Shaam Ka Pehla Taara
Zehra Nigah: Cheerfully Towards Eighty One
Urdu poetry is often appropriated to eulogize female beauty and grace. This notion about women has been reiterated by ghazal that literally translates to an amatory conversation with women. In times when women were not encouraged as poets and were presented only as a subject of poetry, Zehra Nigah distinguished herself both as a poet and a woman and became, in turn, an inspiration for women.
Zehra Nigah was a young petite girl when she first started to appear in mushairas. At her maiden mushaira, she shared the stage with many a legend including Jigar Moradabadi. Zehra has herself acknowledged on various occasions that it was Jigar who taught her the etiquettes of a mushaira. She fondly recalls an incident where Jigar had asked her not to bow down too humbly when accepting praise for her poetry, as women are above that: “sar ki KHafeef jumbish se bhi ye farz adaa kiya ja sakta hai.”

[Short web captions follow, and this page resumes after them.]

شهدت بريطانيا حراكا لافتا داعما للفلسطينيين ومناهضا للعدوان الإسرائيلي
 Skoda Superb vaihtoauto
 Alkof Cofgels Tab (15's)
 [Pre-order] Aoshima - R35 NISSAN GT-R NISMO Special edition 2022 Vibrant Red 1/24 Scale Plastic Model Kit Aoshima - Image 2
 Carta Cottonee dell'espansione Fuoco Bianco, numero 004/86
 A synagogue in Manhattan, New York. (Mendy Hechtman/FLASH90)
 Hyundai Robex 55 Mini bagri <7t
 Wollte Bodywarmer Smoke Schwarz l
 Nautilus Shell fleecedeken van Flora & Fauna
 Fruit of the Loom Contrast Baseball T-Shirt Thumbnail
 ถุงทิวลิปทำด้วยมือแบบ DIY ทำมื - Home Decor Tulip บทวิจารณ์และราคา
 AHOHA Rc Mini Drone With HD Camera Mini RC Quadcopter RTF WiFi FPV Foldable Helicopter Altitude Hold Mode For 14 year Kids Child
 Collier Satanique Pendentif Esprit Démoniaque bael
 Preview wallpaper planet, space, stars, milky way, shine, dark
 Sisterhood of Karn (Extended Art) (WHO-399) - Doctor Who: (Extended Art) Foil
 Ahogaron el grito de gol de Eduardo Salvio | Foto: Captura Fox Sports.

Zehra Nigah’s work is exemplary because she has been a voice of resistance against the atrocities of her times. Her hard-hitting nazms still echo in our memories. Justifiably enough, they will continue to pass the message to the future generations. She once said in an interview, “A poet can never write poetry if s/he is not affected by his/her surroundings.”
Today on May 14, we celebrate the ever-graceful poet Zehra Nigah’s 81st birthday. A woman of substance, courage and resilience, she is an ideal example of how a woman may play different roles all through her life. She once expressed that life gave her the material for poetry in all its variety as a mother, observer, traveller and learner.